** Provided material **
/---

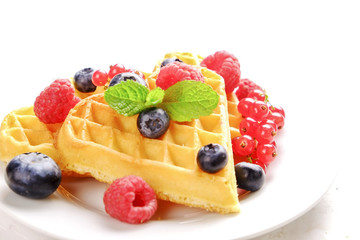 Heart shape belgium waffles with assorted berries mix, strawberry, blueberry, raspberry and red currant decorated with mint leaf on white ceramic plate. Close up, copy space, background, top view.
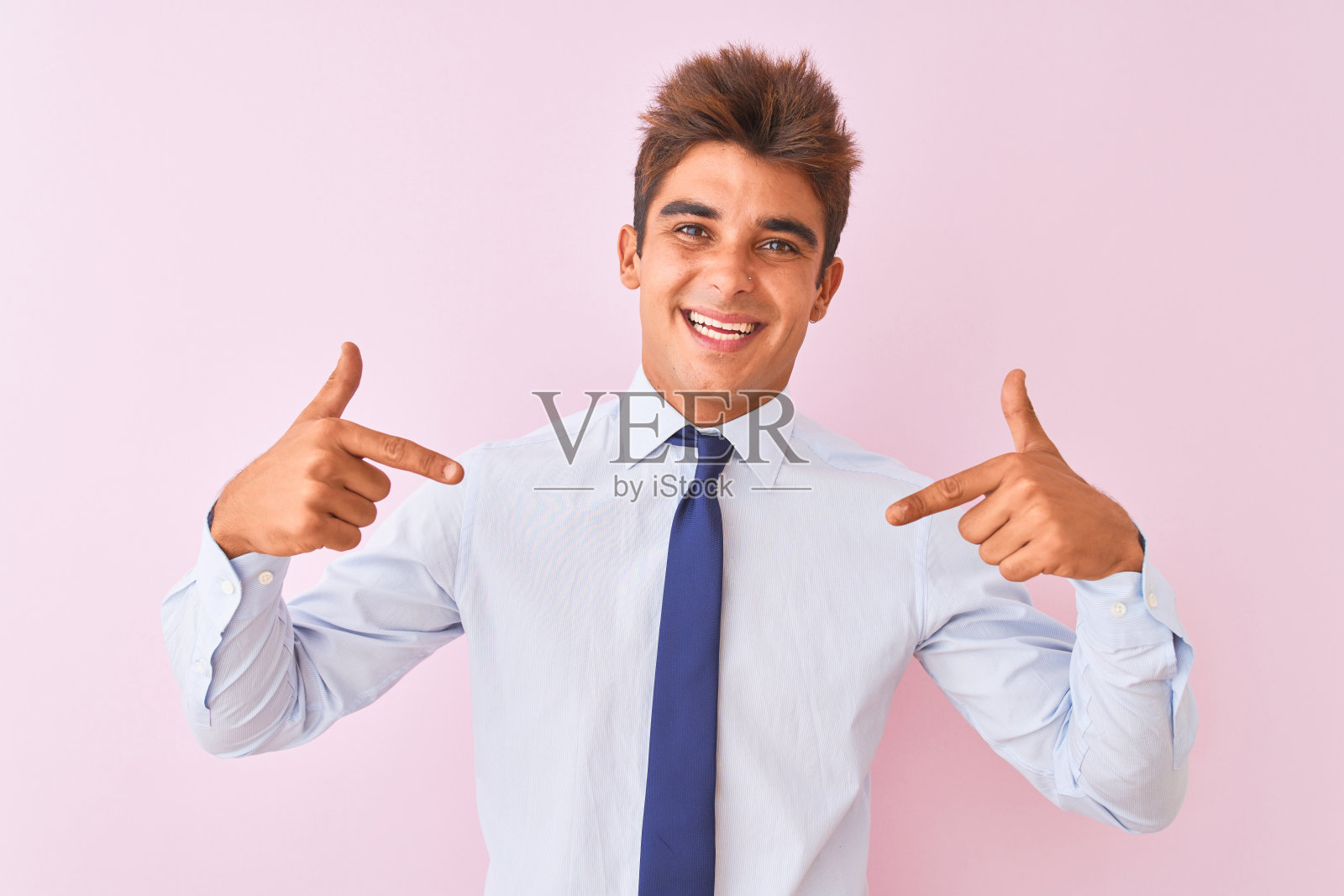 年轻英俊的商人穿着衬衫和领带站在孤立的粉红色背景看起来自信，脸上的微笑，用手指指着自己骄傲和幸福。照片摄影图片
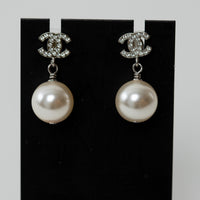 Pre-Loved Chanel™ Silver Tone Mini Crystal Embellished Logo Faux Pearl Drop Earrings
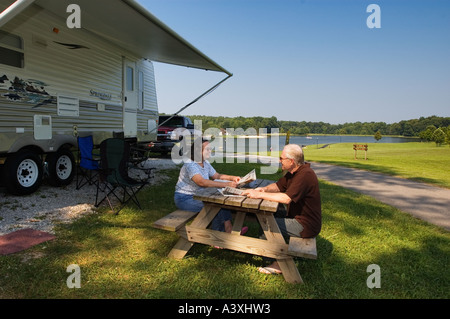 Senior Couple Enjoying the Newspaper While Sitting at Picnic Table In Front of Their Camper Overlooking a Lake Buffalo Trace Par Stock Photo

\---

** Work instruction **
Reprint all the data above verbatim, excluding pictures.

** Answer section **
 Heart shape belgium waffles with assorted berries mix, strawberry, blueberry, raspberry and red currant decorated with mint leaf on white ceramic plate. Close up, copy space, background, top view.
 年轻英俊的商人穿着衬衫和领带站在孤立的粉红色背景看起来自信，脸上的微笑，用手指指着自己骄傲和幸福。照片摄影图片
 Pre-Loved Chanel™ Silver Tone Mini Crystal Embellished Logo Faux Pearl Drop Earrings
 Senior Couple Enjoying the Newspaper While Sitting at Picnic Table In Front of Their Camper Overlooking a Lake Buffalo Trace Par Stock Photo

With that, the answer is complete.